Maybe, though, when we think about real life it doesn't. Perhaps the people's fear made sense. Maybe Jesus was something to be afraid of. You see these people had a system. They had it figured out. Their solution might not have been the best but it worked, everyone was safe and sheltered. Maybe they had a community rotation to keep track of the sick man, everyone could feel good about it, they rallied around it and anyway it sure did make other problems seem smaller. But then Jesus showed up and turned that all on it's head.

What he had to offer might have been great, it might have meant healing for all, but what might they have to give up, they were scared, what would the new community look like if they let this man stick around? If they listened to this powerful teacher, if they exposed their weaknesses to this powerful healer. It was better that now that he had taken care of the worst of there problems he go away and not make any more changes to the lives that they had made fairly comfortable.

I recently went to listen to a speaker at Whitworth. Her name was Anne Lamott. She has written quite a few books and each one is more successful than the last to the point that she enjoys a great deal of fame and success nowadays. She writes books about her life and her family, about raising her son as a single parent and about her faith. She tells a story about a time when she was a young adult, say 25 and she was an alcoholic, unemployed and living full-time in a houseboat. She will certainly tell you now that these were times for her when she was tormented just like the man in the gospel lesson. At the time she might have called herself an atheist maybe a quasi-jew because she had a lot of jewish friends but she certainly wouldn't have let anyone call her a Christian! She had grown up believing Christians were hypocrites at their best and crazy at their worst. But as her life got more and more buried in pain and confusion there was this church that she would often walk by on Sundays that had beautiful gospel music that drew her to its door, she would stand there for the whole service but then during the last hymn she would practically run out the back door before anyone could talk to her or ask her to sit or stay. At the same time she happened to make friends with a local pastor of another church and as hard as she tried to hide all of a sudden everyone she encountered was calling her a child of God. She says that more than once she asked Jesus to leave her alone just like the people in the story but as many times as she asked people kept showing up, calling her a child of God.

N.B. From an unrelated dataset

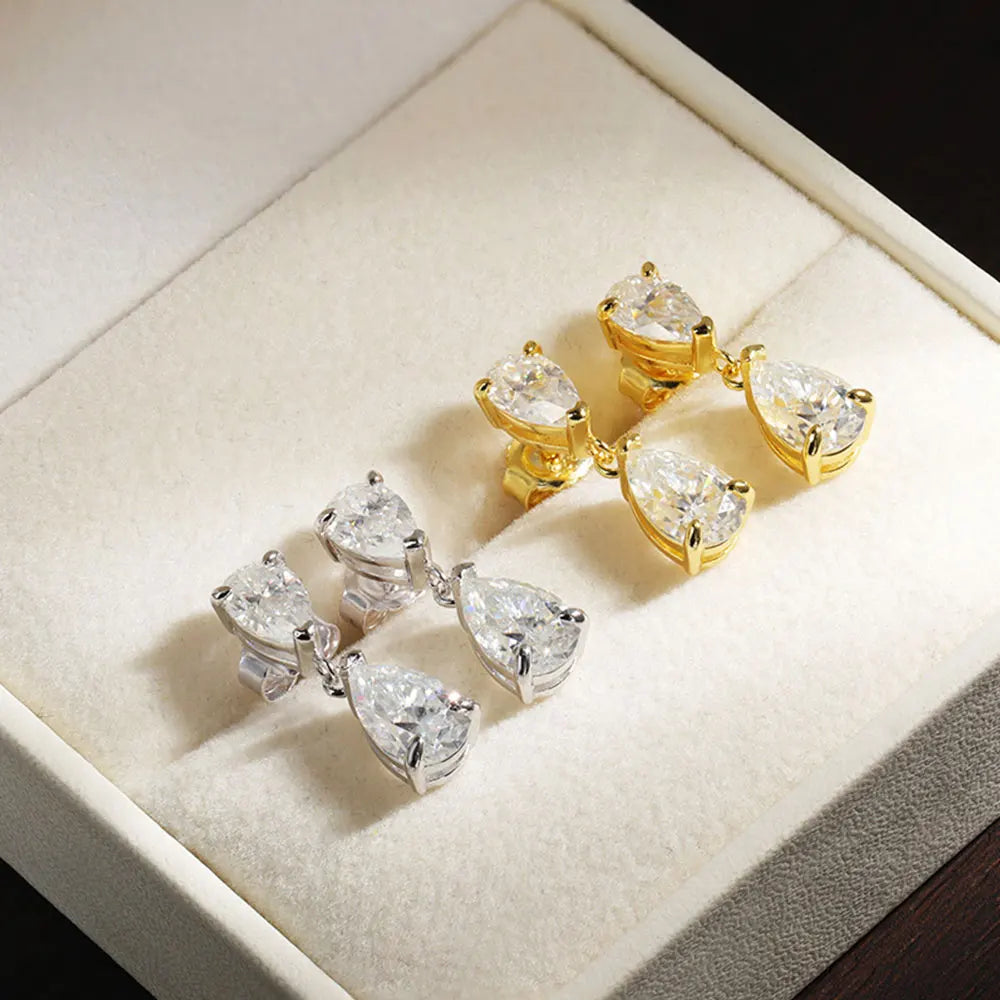 5.0 Carat Elegant Moissanite Drop Earrings - 18K Gold Plated Silver.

This was the last thing she wanted because after a while she started to believe it. All of a sudden this new title started making her feel like she should give up the other titles, the title of drifter and alcoholic of unwanted and unemployed, so slowly at the prodding of many nice church people she started to realize that she was Anne, Child of God. Anne spends all of her time telling this story now, in news ways to new people, she tells about how it develops, how it moves forward (and backward because it does that too) how is stood with great fear and trembling and finally learned to let her herself be called child of God. Her story isn't very clean or pleasant, and she often isn't either but this might just make it one of the best examples of both what the people in today's gospel were afraid of and the ways that the gospel moves to overcome such fears.

At the font each of us is given a new name, as infants, teenagers, young adults or parents ourselves even as whole communities of people who ask Jesus politely over and over again to heal the big problems and then go away we are forever given the name child of God. Despite the fear and pain that surrounds change we are invited to the font and Christ slowly and gently washes all of our old broken places and makes us into shiny new creations who bear his own name.

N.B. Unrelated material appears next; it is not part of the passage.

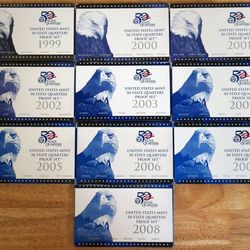 1999 thru 2008 complete State Quarter Proof Sets
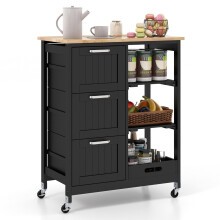 Kitchen Island kärry säilytystilalla, pyörät, musta, 67x37x84 cm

In our second reading today Paul says that among the children of God there is no greek or jew, no male or female, no slave or free, no titles. Instead of these old names we are given something much better than any title we might ever have. We are all made one in Christ ans we will be cared for and healed according to the promise of Christ because in baptism we have been marked with the cross of Christ forever and we no longer have anything to fear.